Task goal:
Please set down only the lines below starting with the line with "Used Audi A6L" and going on through the line with "2021 Toyota RAV4", verbatim and without pictures.

---------- Material provided ----------

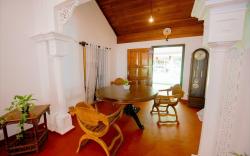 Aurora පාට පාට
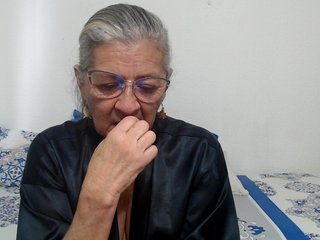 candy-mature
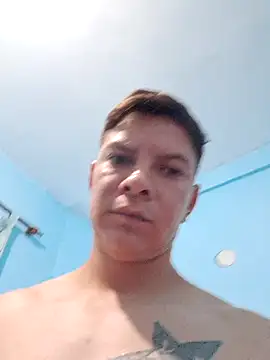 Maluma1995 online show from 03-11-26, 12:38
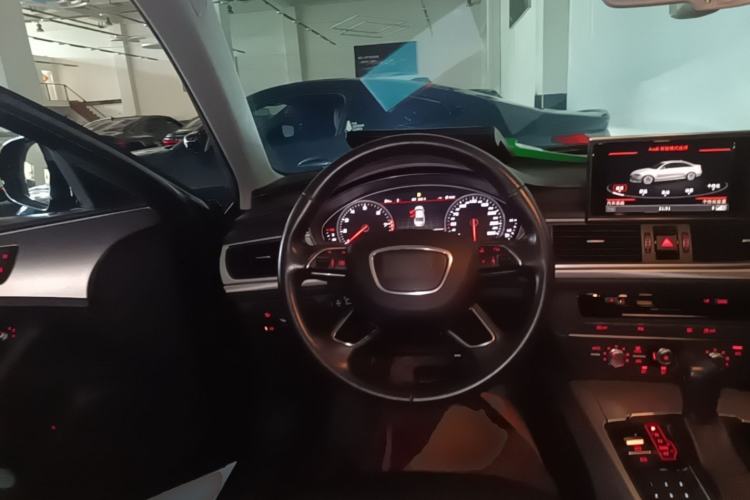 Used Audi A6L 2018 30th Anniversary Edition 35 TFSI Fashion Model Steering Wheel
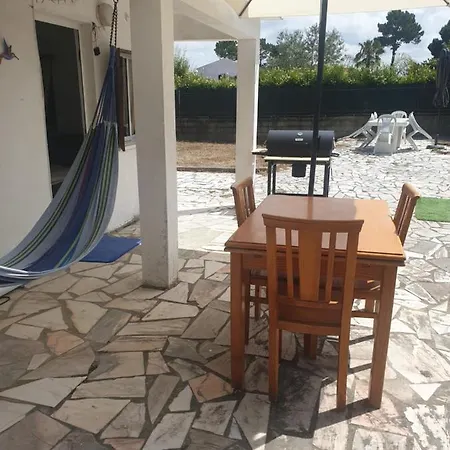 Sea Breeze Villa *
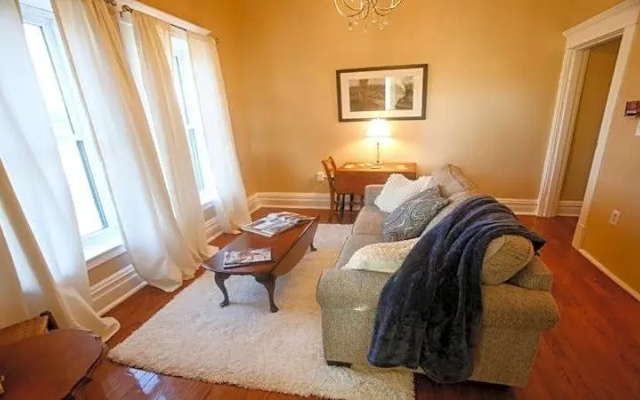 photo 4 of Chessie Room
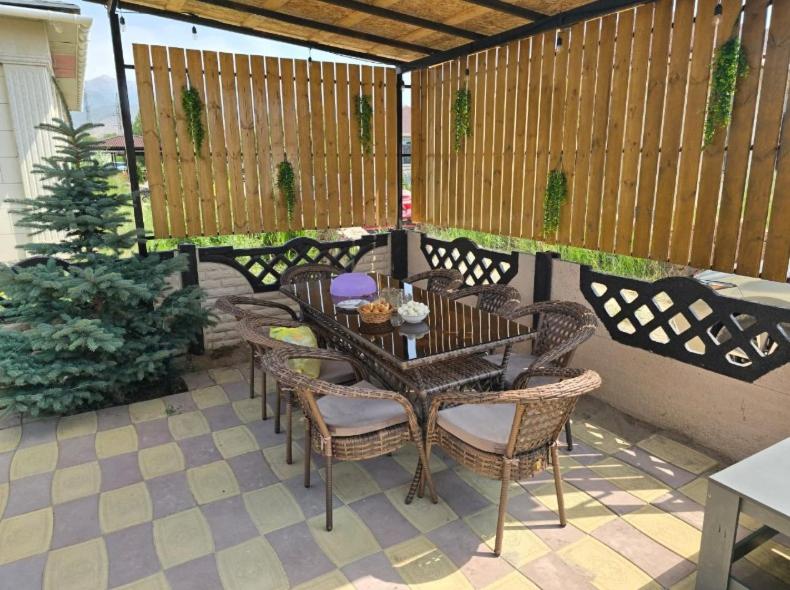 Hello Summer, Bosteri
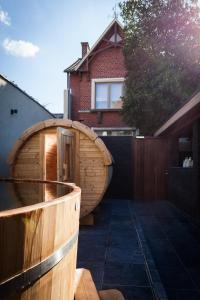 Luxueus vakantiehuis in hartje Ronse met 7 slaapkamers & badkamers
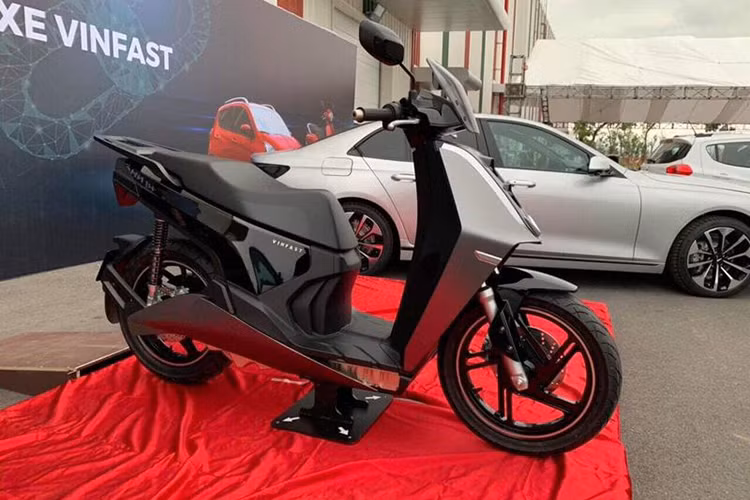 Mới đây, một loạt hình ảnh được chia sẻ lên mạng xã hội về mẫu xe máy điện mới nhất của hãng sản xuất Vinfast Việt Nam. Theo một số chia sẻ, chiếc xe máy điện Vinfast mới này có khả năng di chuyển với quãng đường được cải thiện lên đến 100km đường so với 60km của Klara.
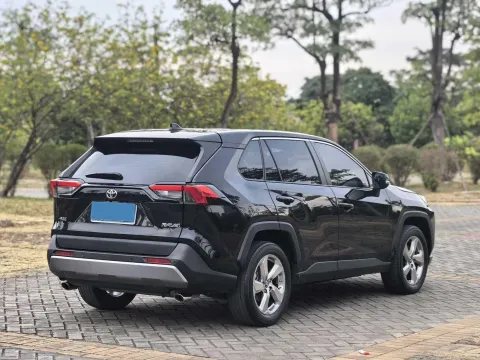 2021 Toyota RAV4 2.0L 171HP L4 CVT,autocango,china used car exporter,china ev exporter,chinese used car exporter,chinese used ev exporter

----------
---------- Material provided ----------

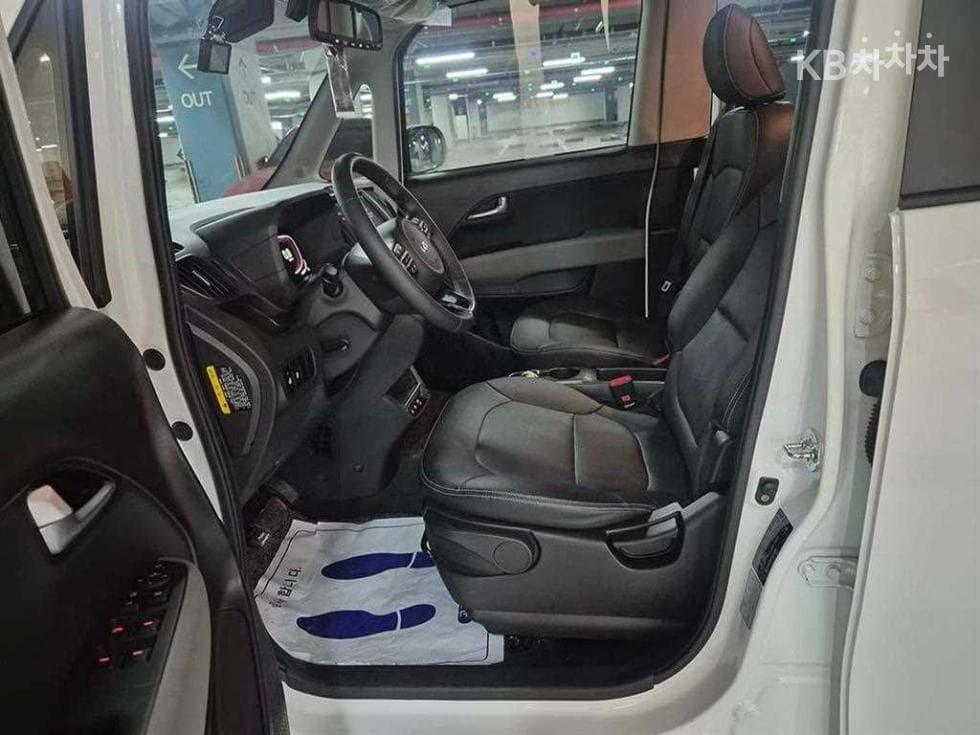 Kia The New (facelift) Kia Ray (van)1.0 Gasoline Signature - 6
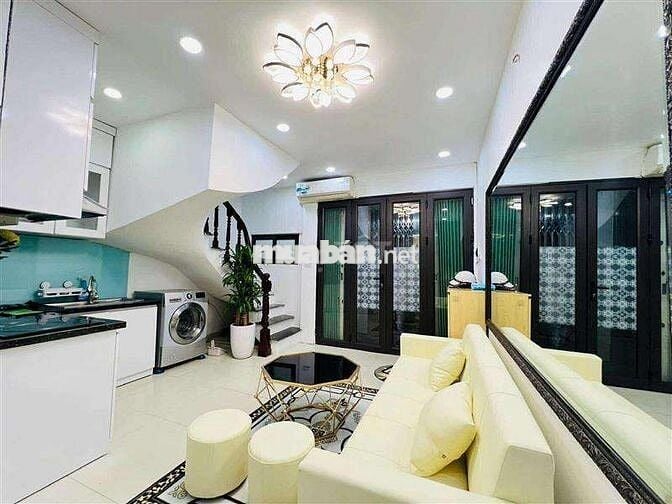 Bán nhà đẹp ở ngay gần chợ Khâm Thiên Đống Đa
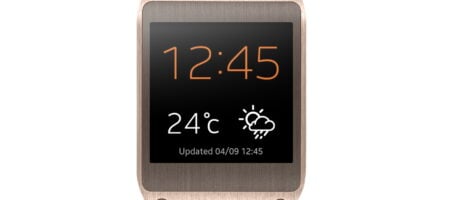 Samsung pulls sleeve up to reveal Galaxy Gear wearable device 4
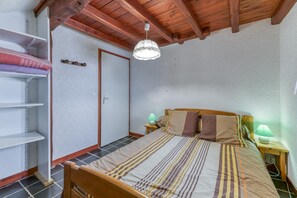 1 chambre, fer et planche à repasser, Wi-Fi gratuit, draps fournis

----------

Answer to this task:
 Used Audi A6L 2018 30th Anniversary Edition 35 TFSI Fashion Model Steering Wheel
 Sea Breeze Villa *
 photo 4 of Chessie Room
 Hello Summer, Bosteri
 Luxueus vakantiehuis in hartje Ronse met 7 slaapkamers & badkamers
 Mới đây, một loạt hình ảnh được chia sẻ lên mạng xã hội về mẫu xe máy điện mới nhất của hãng sản xuất Vinfast Việt Nam. Theo một số chia sẻ, chiếc xe máy điện Vinfast mới này có khả năng di chuyển với quãng đường được cải thiện lên đến 100km đường so với 60km của Klara.
 2021 Toyota RAV4 2.0L 171HP L4 CVT,autocango,china used car exporter,china ev exporter,chinese used car exporter,chinese used ev exporter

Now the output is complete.